» **YOUR OBJECTIVE**: Below, find the line containing "Buy stock photo" and the line containing "A stone building"; reproduce exactly those two and every line between them, omitting pictures.

» **DATA LISTING**:
╔══

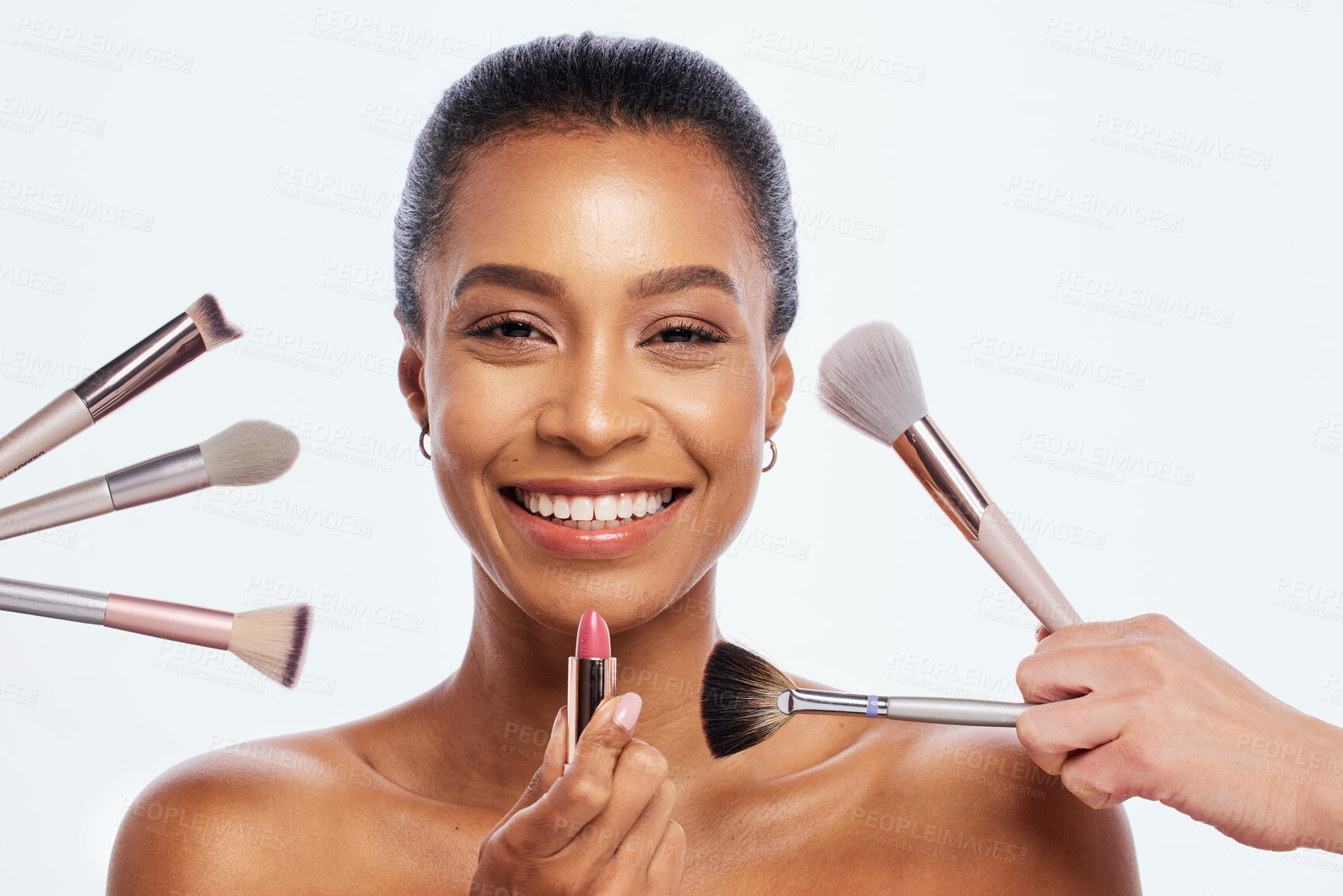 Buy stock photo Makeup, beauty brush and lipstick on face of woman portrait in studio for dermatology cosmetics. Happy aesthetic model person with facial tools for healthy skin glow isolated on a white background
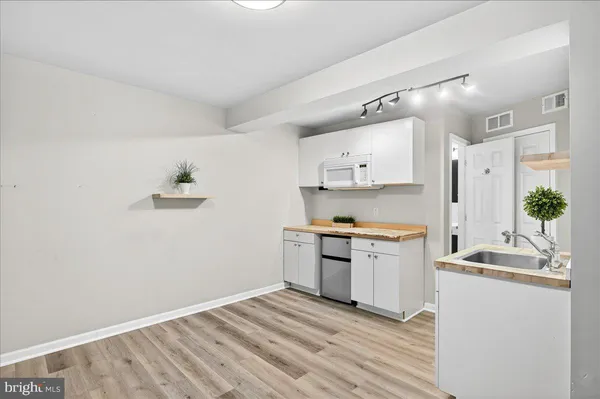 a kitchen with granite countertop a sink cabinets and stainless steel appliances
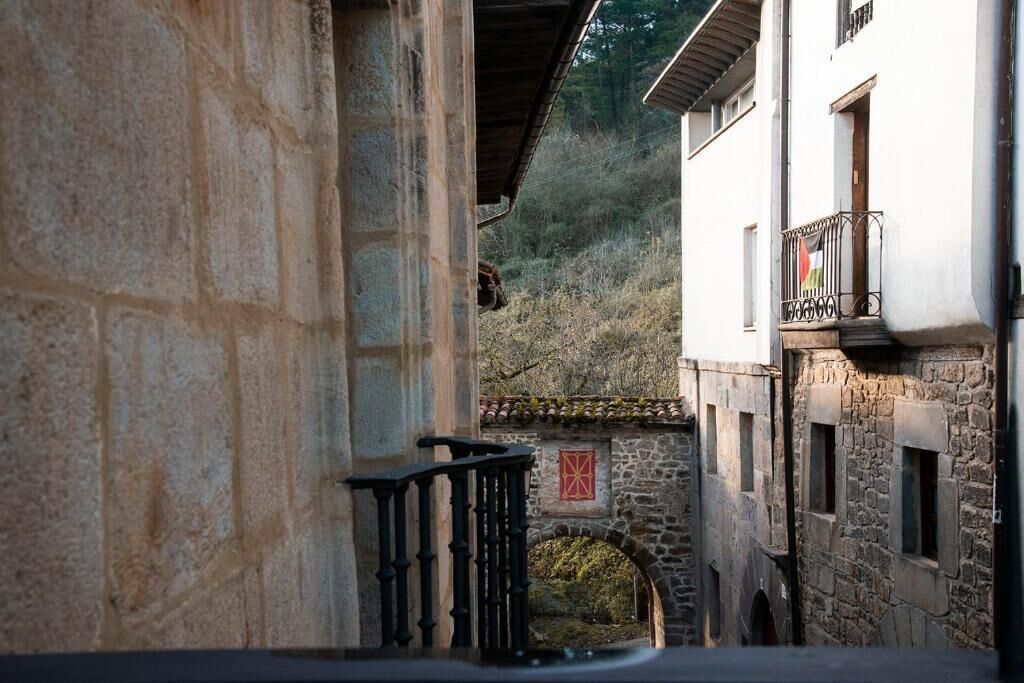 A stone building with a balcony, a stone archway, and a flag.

╚══
╔══

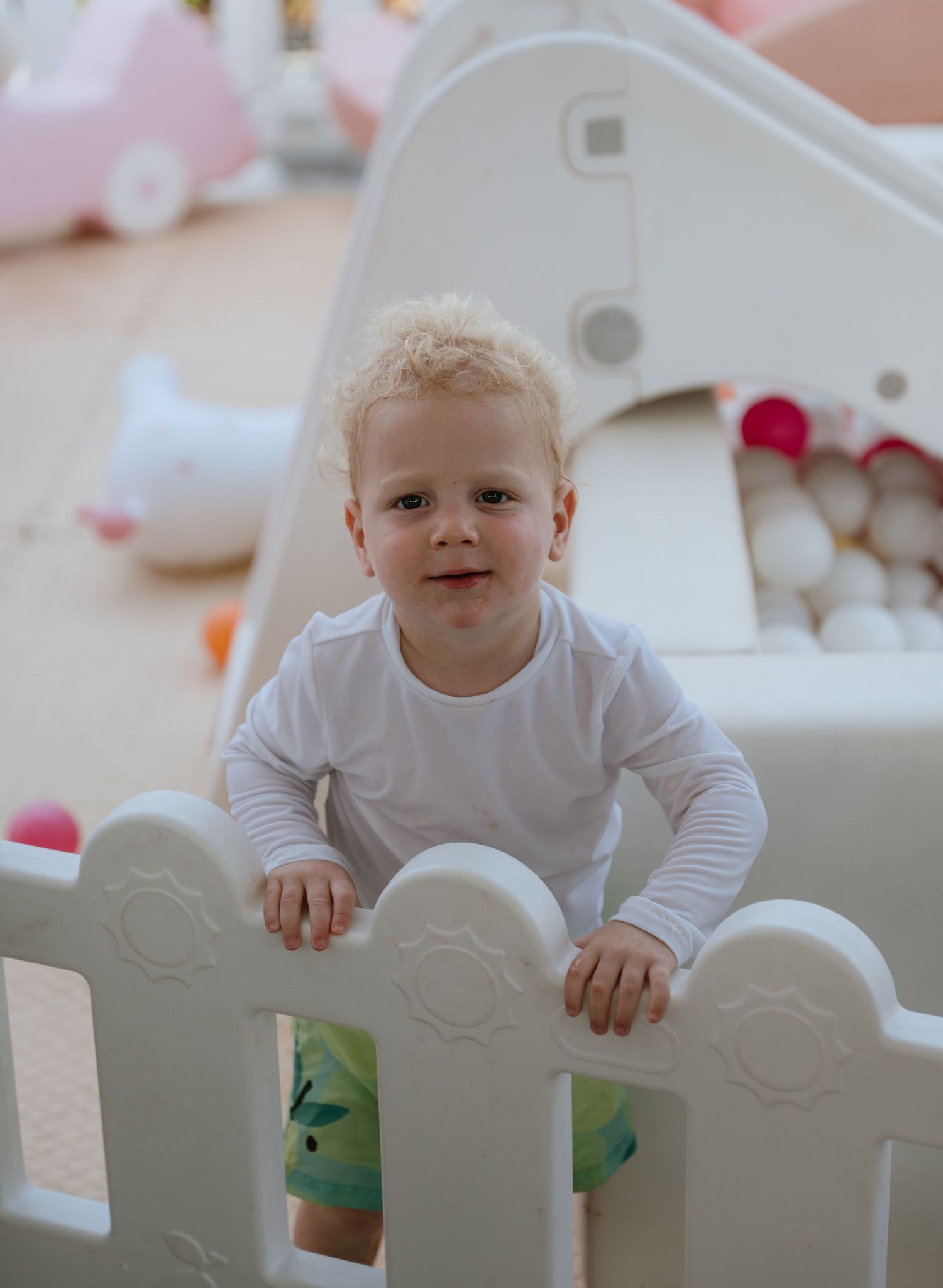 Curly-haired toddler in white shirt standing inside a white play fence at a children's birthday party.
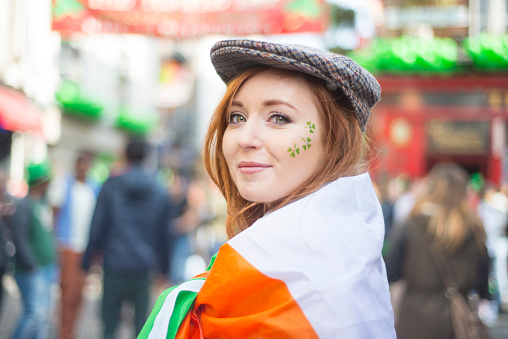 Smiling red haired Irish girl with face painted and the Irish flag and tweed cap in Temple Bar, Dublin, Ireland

╚══

» **ANSWER FOR THIS EXERCISE**:
 Buy stock photo Makeup, beauty brush and lipstick on face of woman portrait in studio for dermatology cosmetics. Happy aesthetic model person with facial tools for healthy skin glow isolated on a white background
 a kitchen with granite countertop a sink cabinets and stainless steel appliances
 A stone building with a balcony, a stone archway, and a flag.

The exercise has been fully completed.